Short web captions
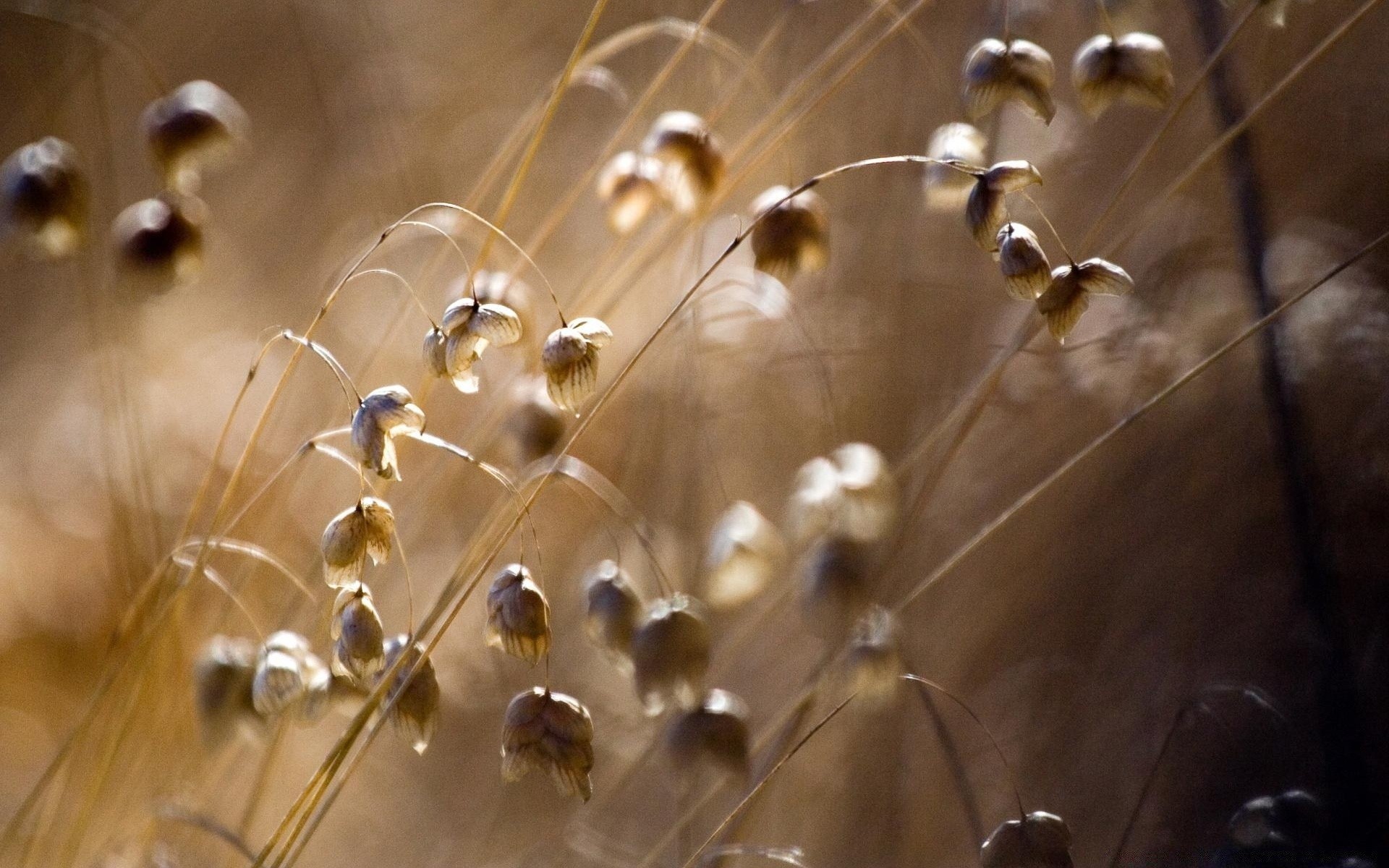 landscapes nature gold chemistry atom particle spider blur biology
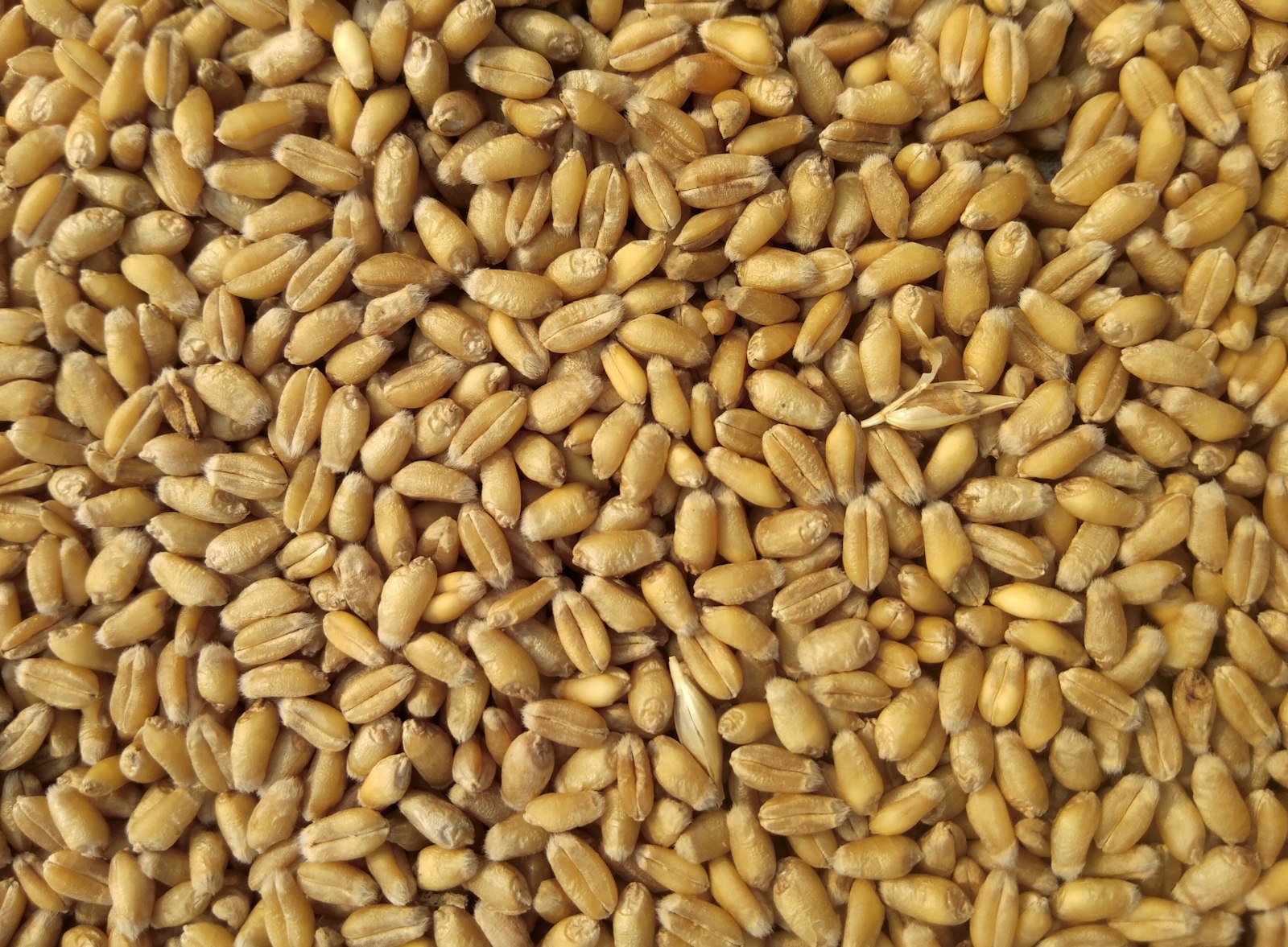 Wheat field — Swastik Brand Aata production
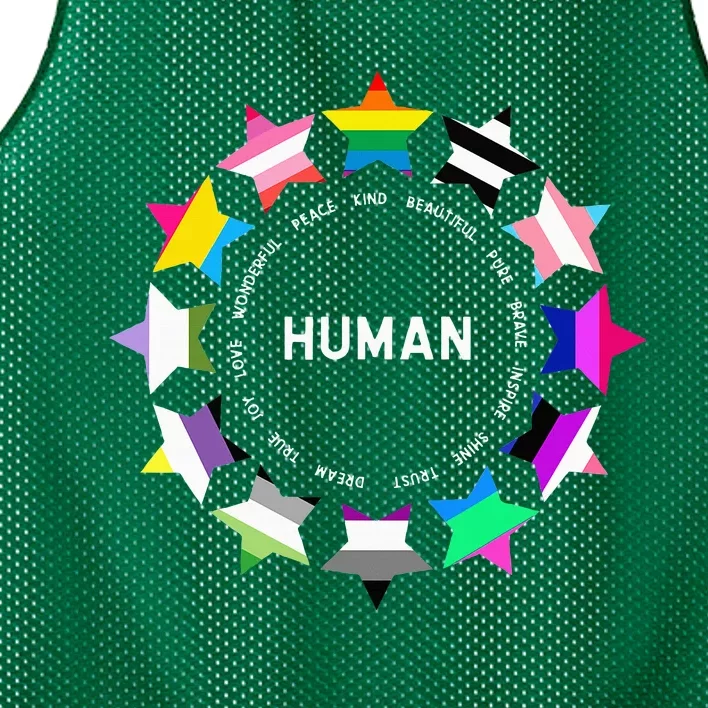 Human Pride Design Human Lgbtq Flag Mesh Reversible Basketball Jersey Tank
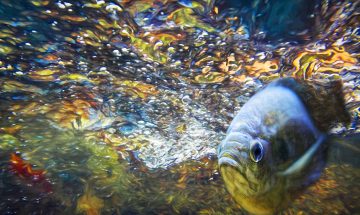 57 Fish Under River Falls Photo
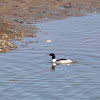 Common Merganser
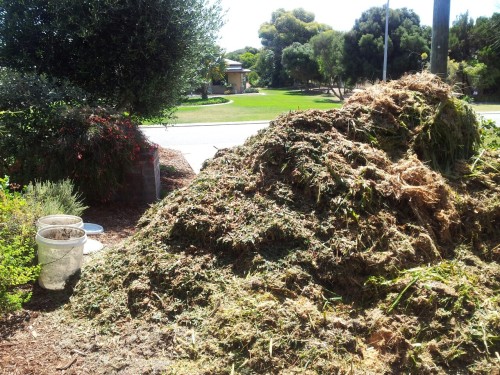 Moved 4 cubic metres of mulch on the weekend as more is on the way
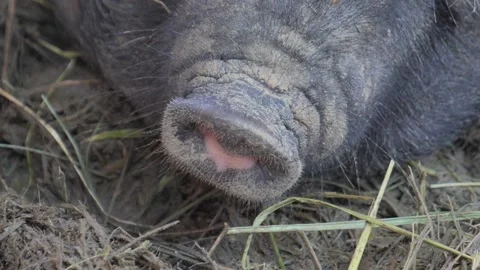 Black Pig on the farm Stock Footage 155448906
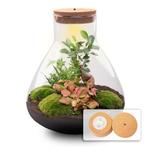 DIY planten terrarium met licht - Sam XL Bonsai - Ø 30 cm, Verzenden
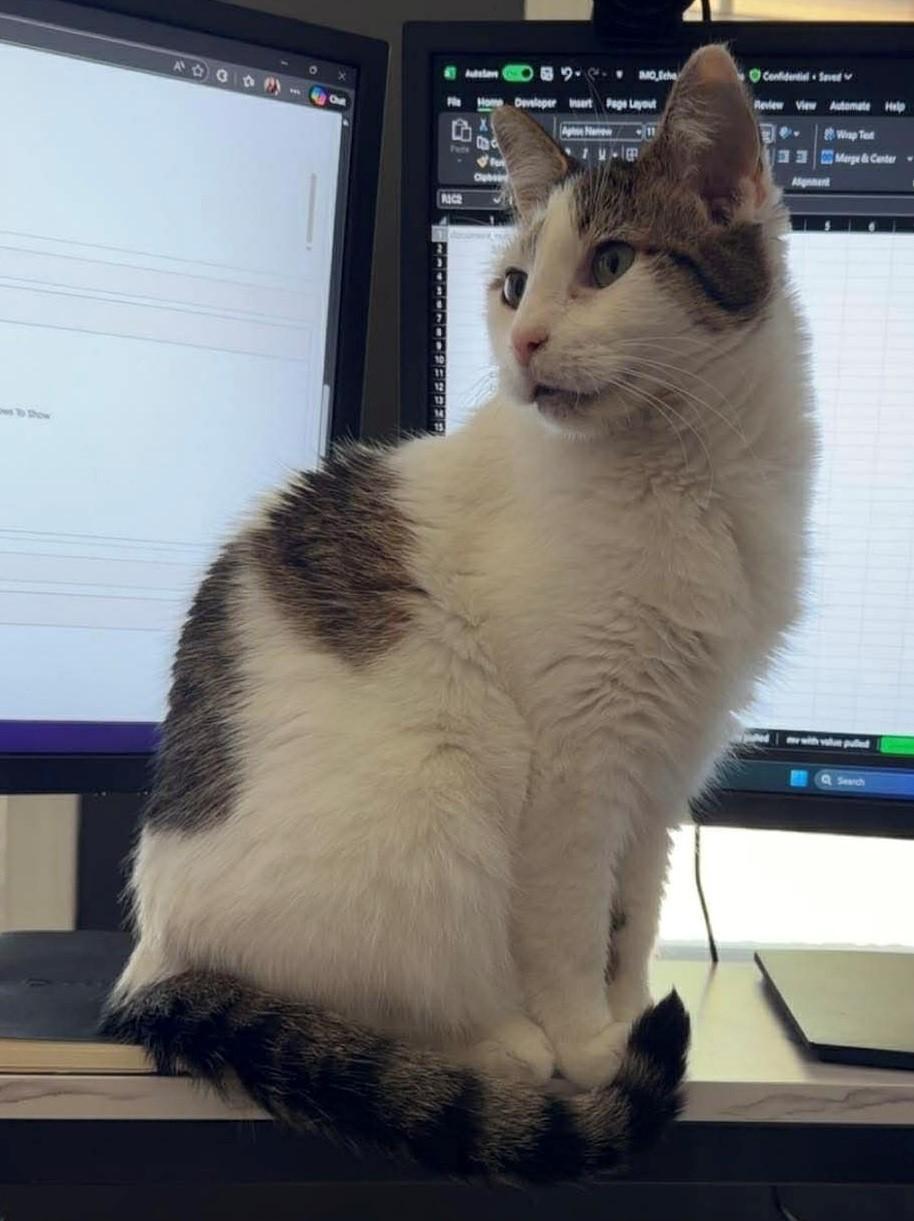 Meleys, an adopted Domestic Short Hair in Charlotte, NC image 5/6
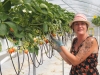 Des fraises chalonnaises ... produites et vendues chez Fleurs de Gergy 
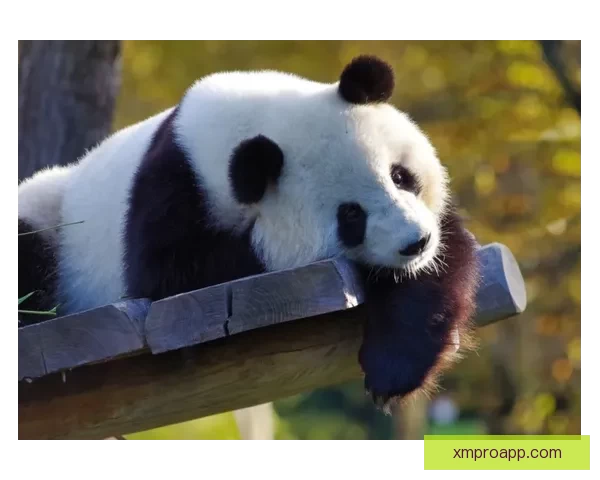 熊猫体育体验评测详解是否值得长期使用与推荐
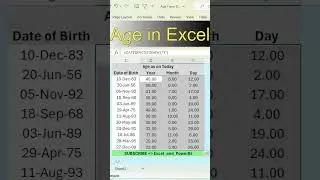 How to Calculate Age in Excel Using DATEDIF Function | Excel_and_PowerBI | 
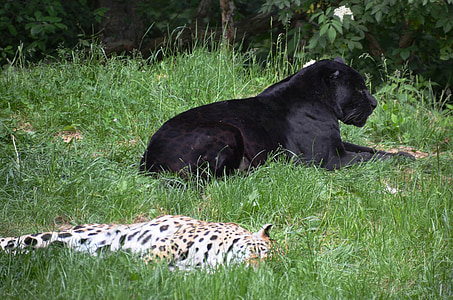 panter, Leopard, zvieratá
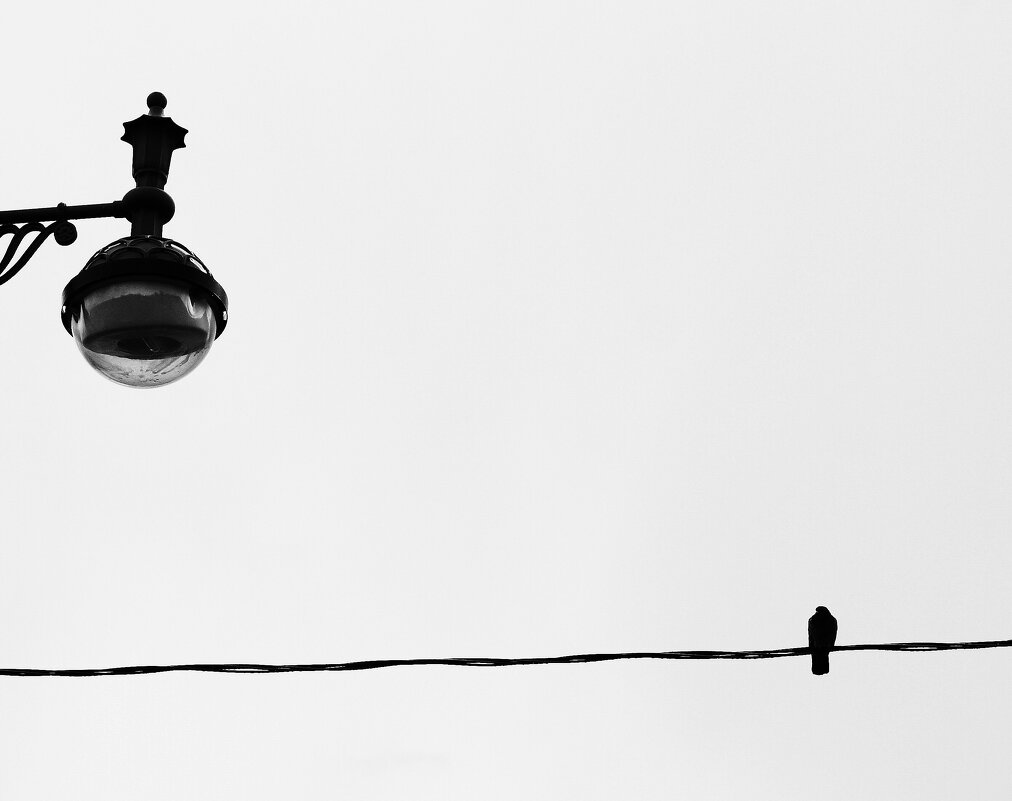 МИНИМАЛИЗМ - Виктор Никитенко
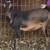 Nigerian Dwarf Doe Kids 2 thumbnail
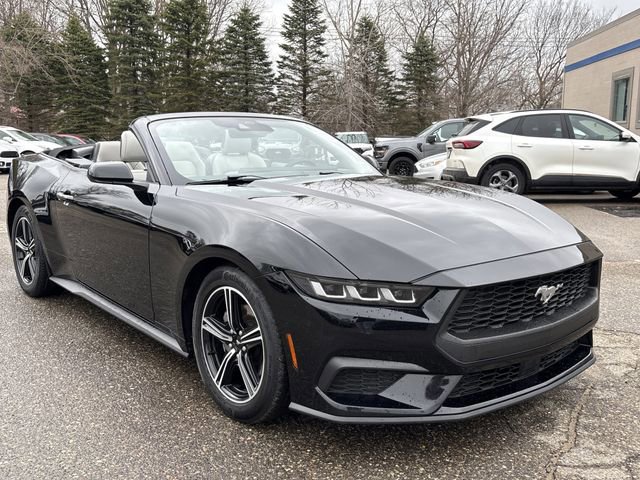 Certified 2024 Ford Mustang Premium image 3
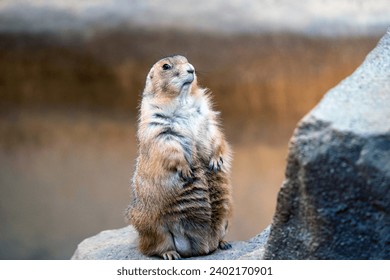 プレーリー ドッグ　ドッグ　cynomys mexicanus 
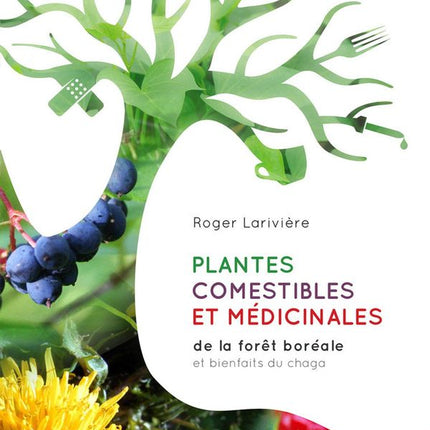 Plantes comestibles et médicinales de la forêt boréale et bienfaits du chaga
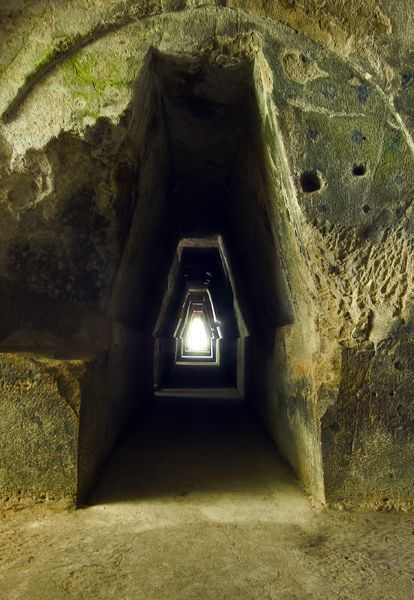 Phlegraean Fields: Cuma Baia and Pozzuoli Private Excursion - Included Services and Exclusions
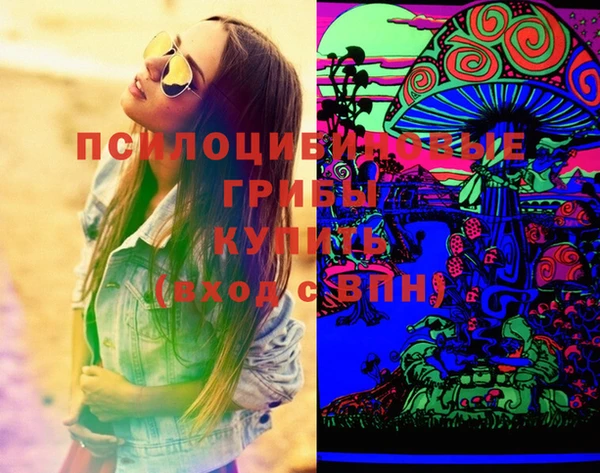 стафф Богородицк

→ **EXERCISE DIRECTIONS**
Looking above, find the stretch of lines that opens with the one holding "How to Calculate" and closes with the one holding "プレーリー ドッグ　ドッグ　cynomys mexicanus". Copy it exactly, pictures excluded.

→ **RESPONSE AREA**
 How to Calculate Age in Excel Using DATEDIF Function | Excel_and_PowerBI | 
 panter, Leopard, zvieratá
 МИНИМАЛИЗМ - Виктор Никитенко
 Nigerian Dwarf Doe Kids 2 thumbnail
 Certified 2024 Ford Mustang Premium image 3
 プレーリー ドッグ　ドッグ　cynomys mexicanus 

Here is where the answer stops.